Description of the task
Your output should be the complete listing, word for word, with no pictures in it.

Input data
* * *

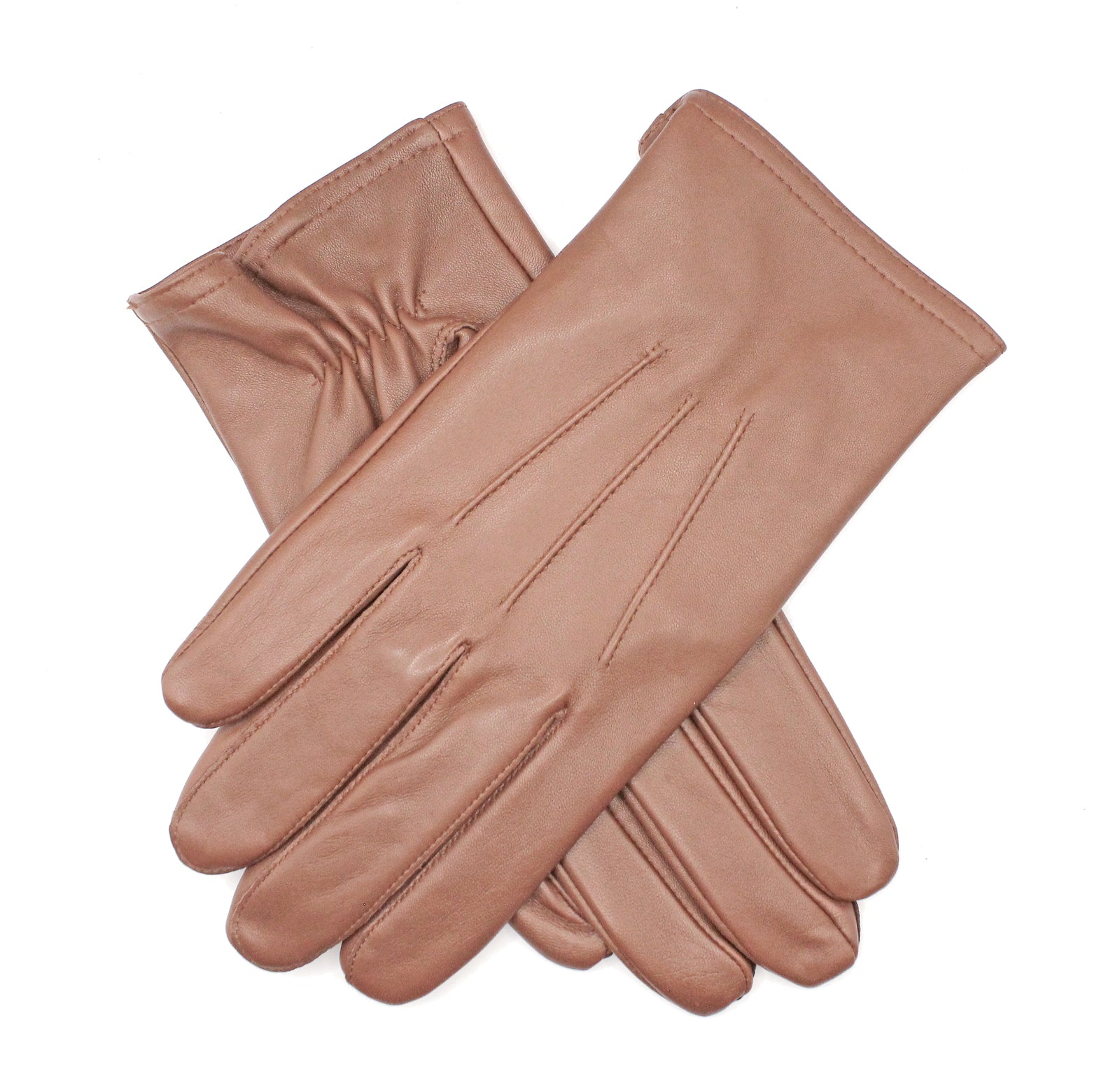 Dents Mens Genuine Full Grain Leather Gloves 3 Point Stitch Fleece Lined Warm Winter - Cognac - Small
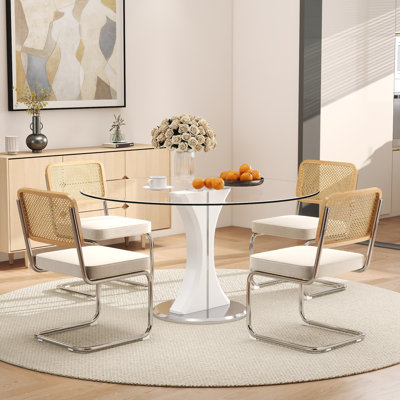 Ensemble de table de salle à manger haute brillance avec chaises en velours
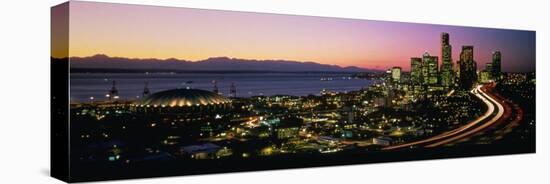 Sunset Skyline Seattle Wa USA-null-Stretched Canvas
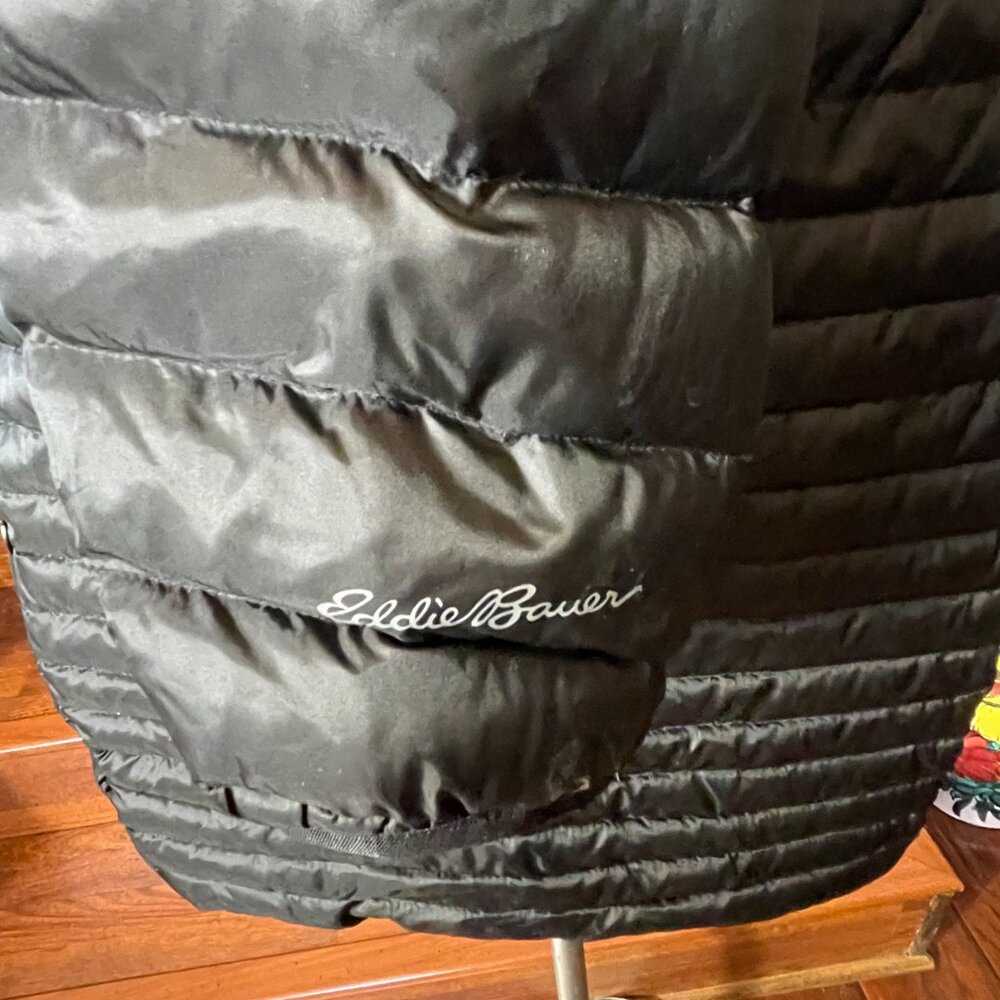 Eddie Bauer Down Fill Long Black Women's Puffer Jacket Hooded Full Zip Size 3X - Picture 3 of 11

* * *

Response to the exercise
 Dents Mens Genuine Full Grain Leather Gloves 3 Point Stitch Fleece Lined Warm Winter - Cognac - Small
 Ensemble de table de salle à manger haute brillance avec chaises en velours
 Sunset Skyline Seattle Wa USA-null-Stretched Canvas
 Eddie Bauer Down Fill Long Black Women's Puffer Jacket Hooded Full Zip Size 3X - Picture 3 of 11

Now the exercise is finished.